El Dr. nos sugiere penetrar en el interior de nosotros mismos. "Es un momento para ser. Sólo ser", dice.

Mi oído derecho se concentra en el bajo que acompasa la música. Luego su alcance se expande, y siento una serie de ondas nítidas rebotar en las paredes de barro que encierran la maloca. Mientras tanto, mi oído izquierdo se ha vuelto uno con el viento. Me impresiona el golpeteo de la brisa contra el techo, como si fuera intencional, como si el viento supiera lo que hace.

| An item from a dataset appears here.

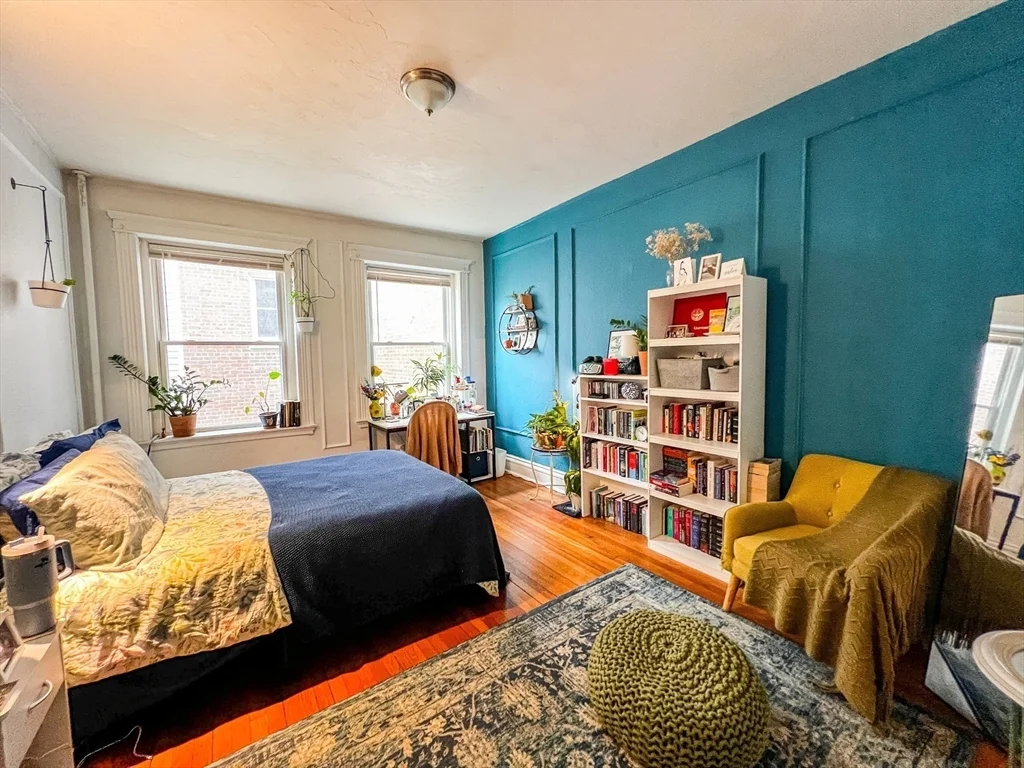 144 Coolidge St, Coolidge Corner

Mis ojos observan las intersecciones entre las cañas y siguen a una luz naranja que flota en el espacio. El techo cónico se eleva y se hace inmenso, luego se repliega y gira 45 grados, y la choza ahora es una nave espacial: motores encendidos, lista para despegar.

Mi piel se estremece, en los brazos, en el vientre, en las piernas: un cosquilleo similar al que he sentido poco antes de salir de viaje. Cierro los ojos y un chorro de aire me entra por la nariz. Los átomos de oxígeno adoptan la forma de diminutos conejos, recorren mis vellos nasales y se convierten en franjas de colores que se mezclan con mi torrente sanguíneo. Corro detrás de ellos. Salto al vacío.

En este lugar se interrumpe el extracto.